| Record set |

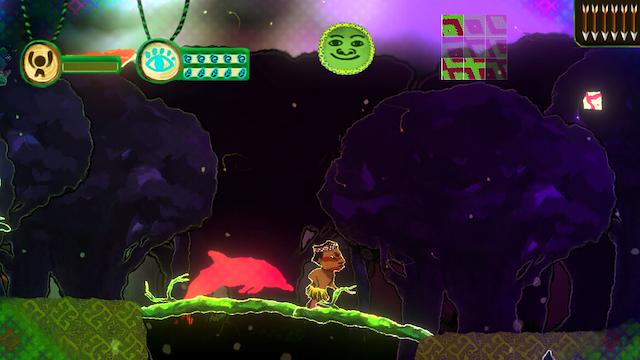 Image for the game Huni Kuin: Beya Xinã Bena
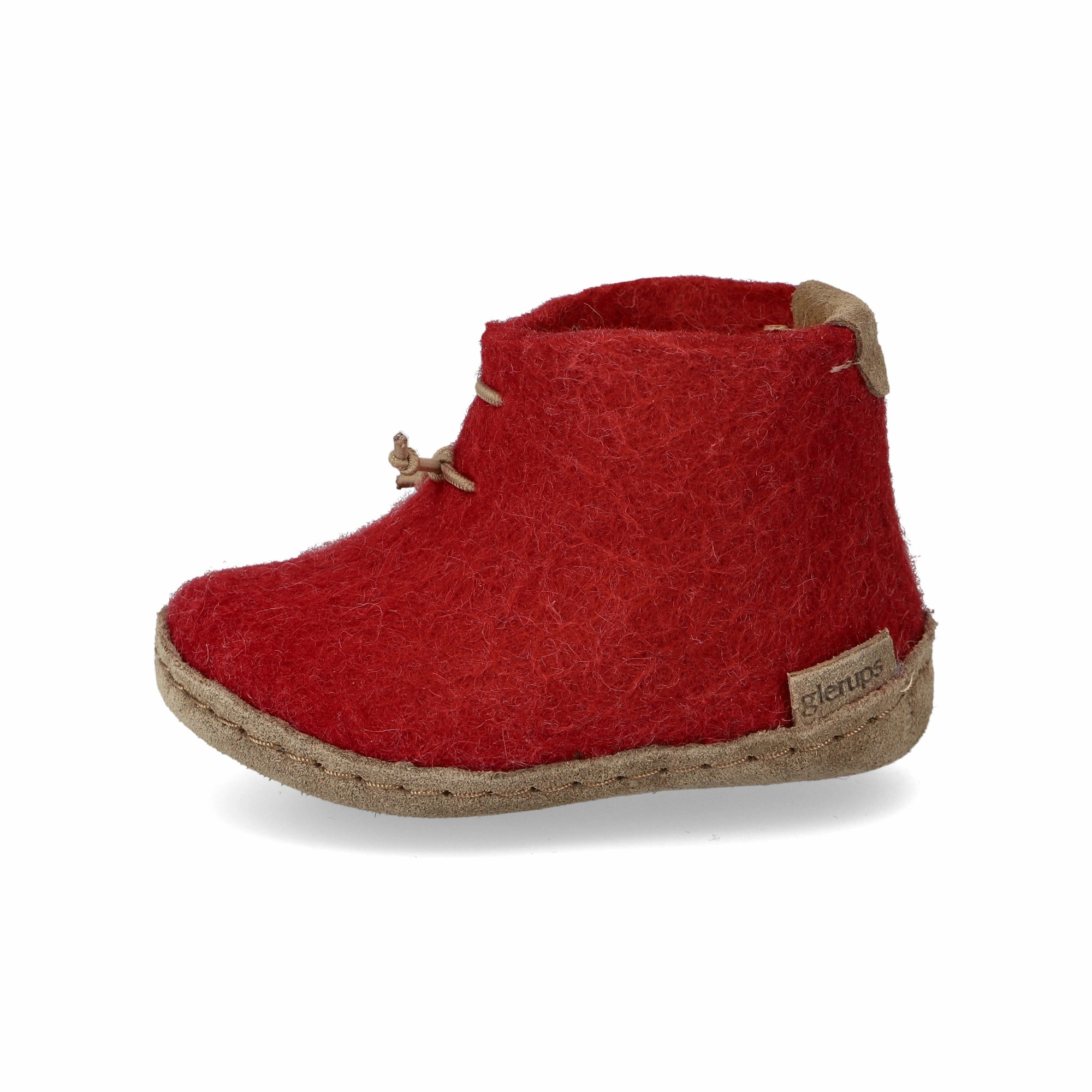Boot kids - Red Lightweight Base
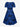 Gothic Plus Size Rabbit Moon Stars Galaxy Print Easter Cinched A Line Dress
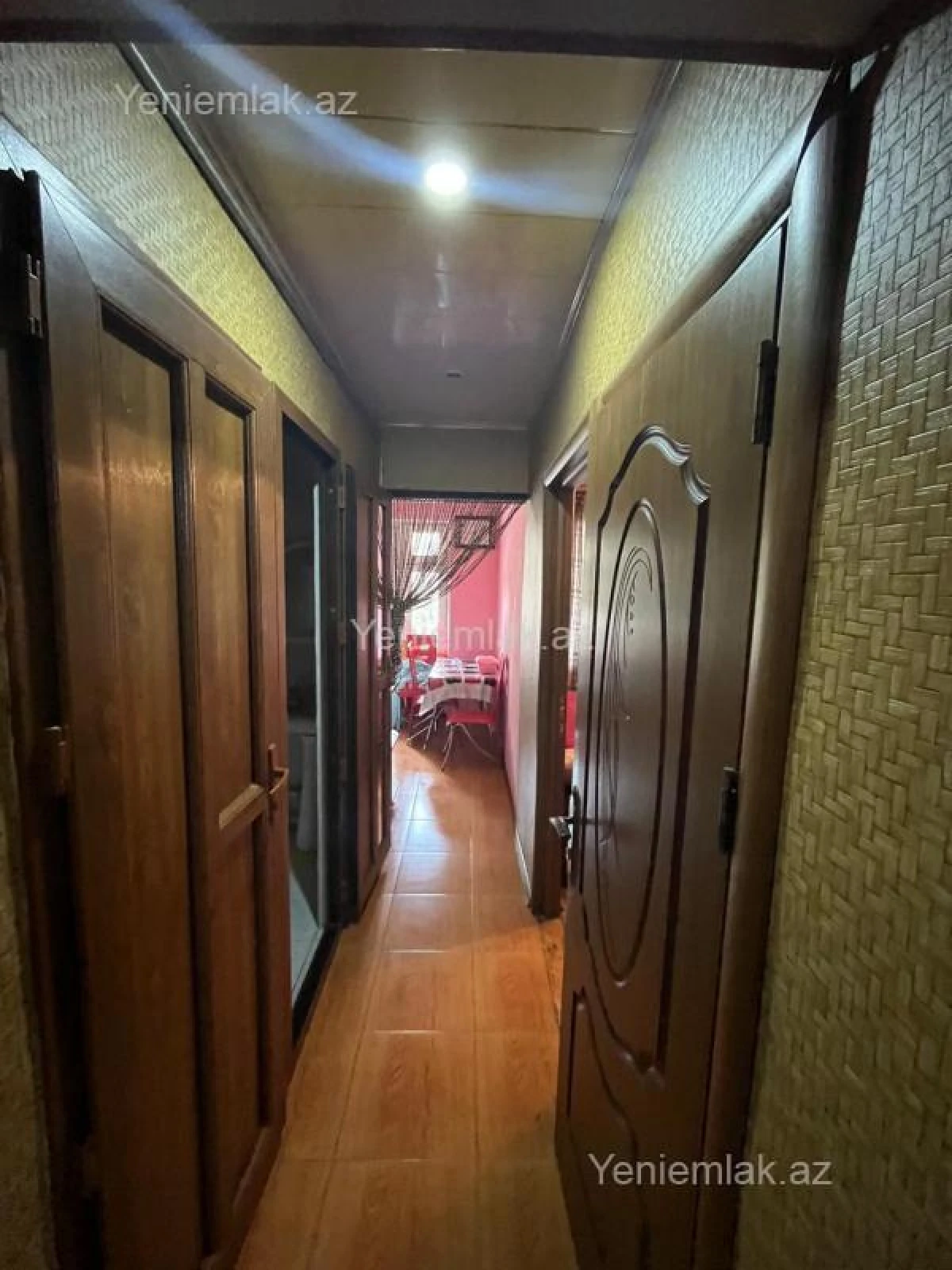 Satılır 3 otaqlı köhnə tikili 65 m²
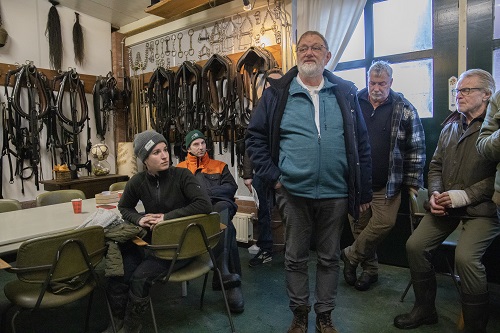 Plantdag in Emst en Vaassen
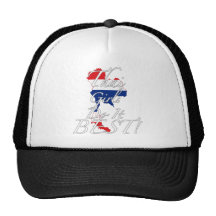Thai Girls Do It Best! Hat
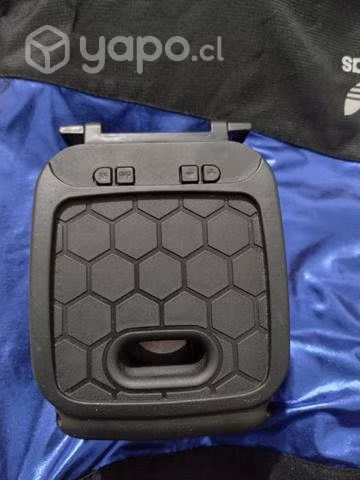 Parlante bluetooth - Imagen 2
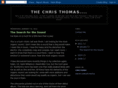 thechristhomas.com
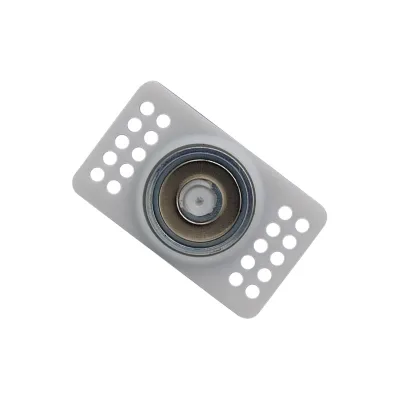 Magdaddy - 97602-100 - 1/4" Magnetic Plate, Rated 26 lbs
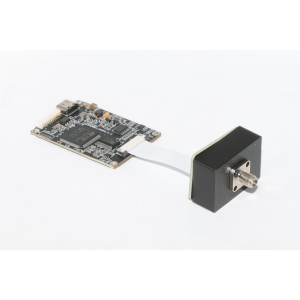 PDC6B程控TIA版本光探测器模组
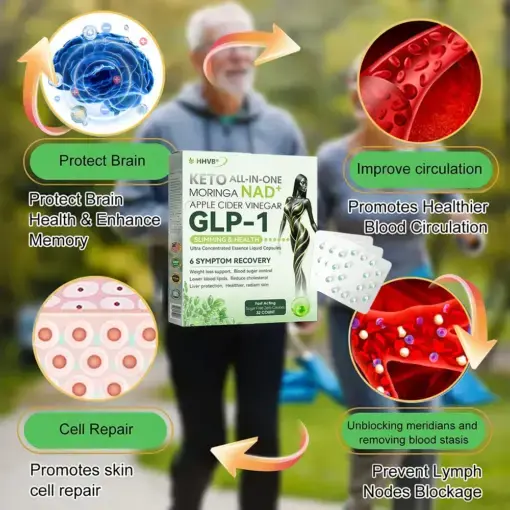 Ultra Concentrated Essence Liquid Pearls - Image 7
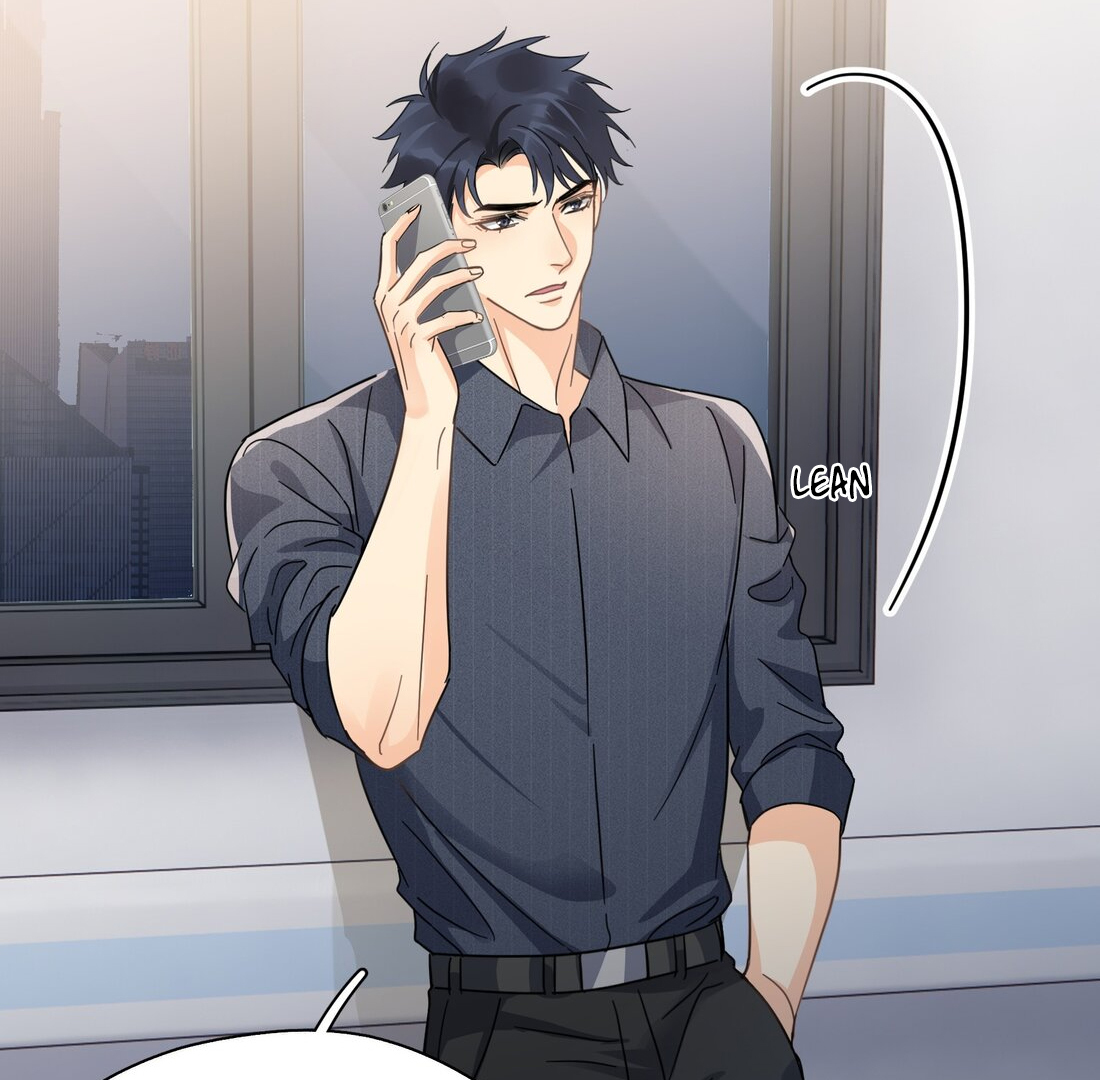 Unexpected Luck - Chapter 54 manhwa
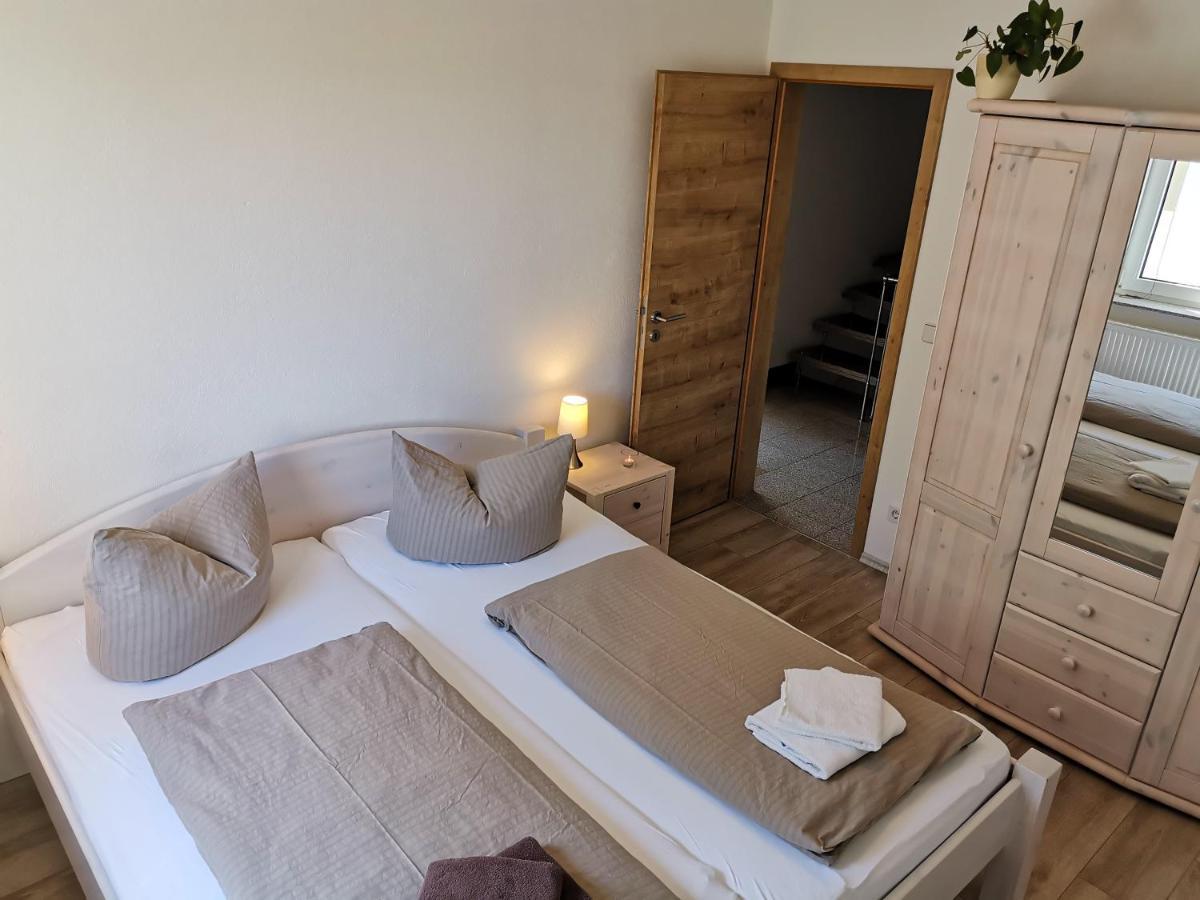 Ferienhaus Vetter Saechsische Schweiz 18 Kurort Gohrisch Zewnętrze zdjęcie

| Exercise requirements |
Copy out only the lines from the one containing "Ultra Concentrated Essence" to the end of the entries, unchanged. Drop the pictures.

| Task solution |
 Ultra Concentrated Essence Liquid Pearls - Image 7
 Unexpected Luck - Chapter 54 manhwa
 Ferienhaus Vetter Saechsische Schweiz 18 Kurort Gohrisch Zewnętrze zdjęcie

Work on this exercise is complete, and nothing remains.